→ **Aim of the exercise**
In the entries that follow, find the line containing "Monederos Nylon Monedero" and the line containing "JACK BUNNY ジャックバニー ハイネックセーターSize6 新品タグ付き", then retype exactly the lines from the first through the second, pictures excluded.

→ **Data**
● ● ● ●

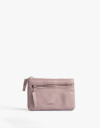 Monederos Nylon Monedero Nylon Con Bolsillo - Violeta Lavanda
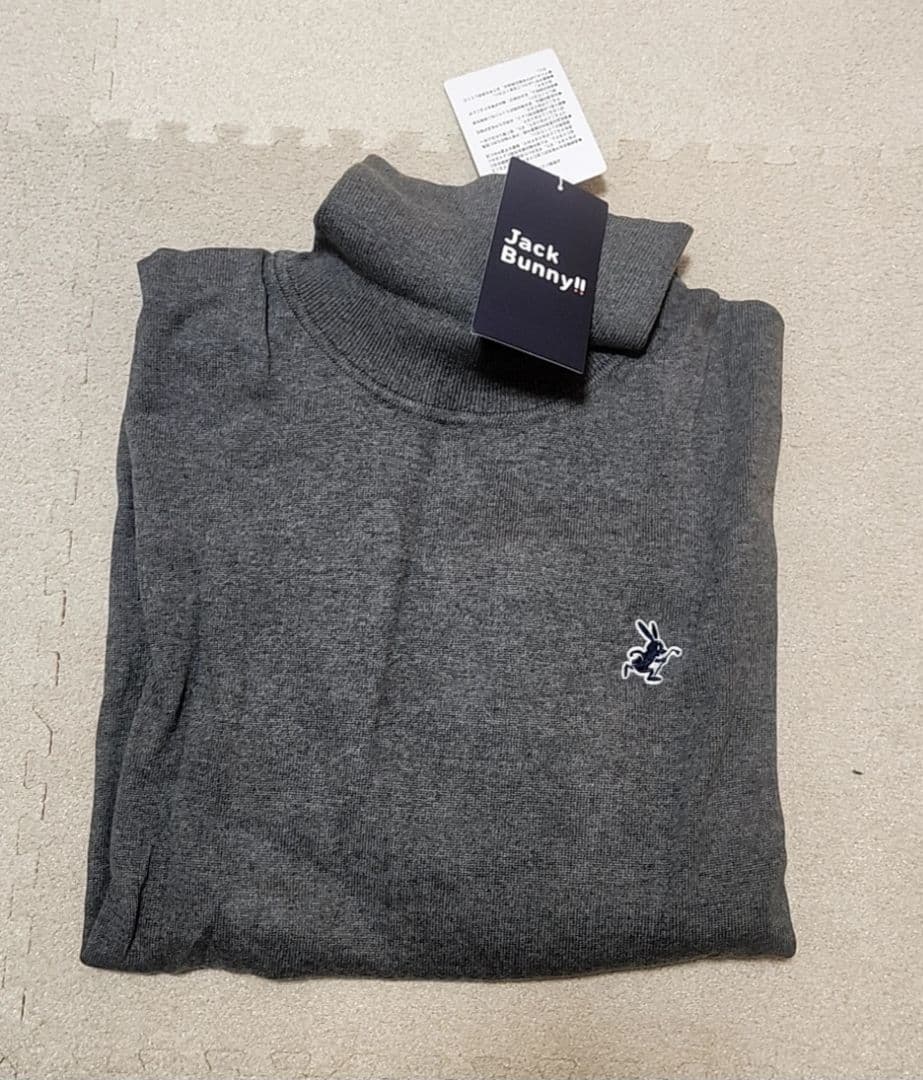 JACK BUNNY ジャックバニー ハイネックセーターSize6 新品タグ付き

● ● ● ●

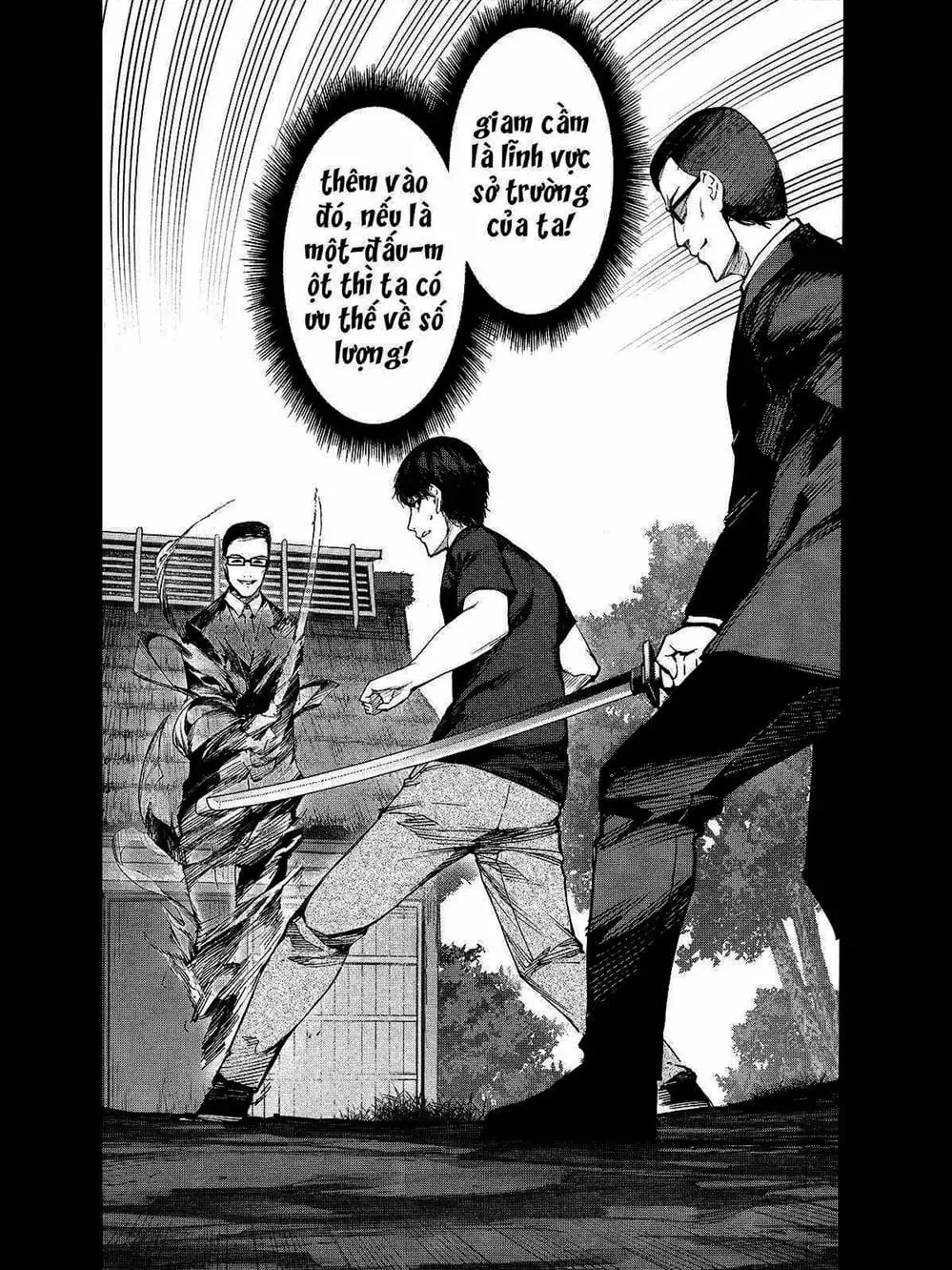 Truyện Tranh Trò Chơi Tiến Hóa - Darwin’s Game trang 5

● ● ● ●

→ **Response box**
 Monederos Nylon Monedero Nylon Con Bolsillo - Violeta Lavanda
 JACK BUNNY ジャックバニー ハイネックセーターSize6 新品タグ付き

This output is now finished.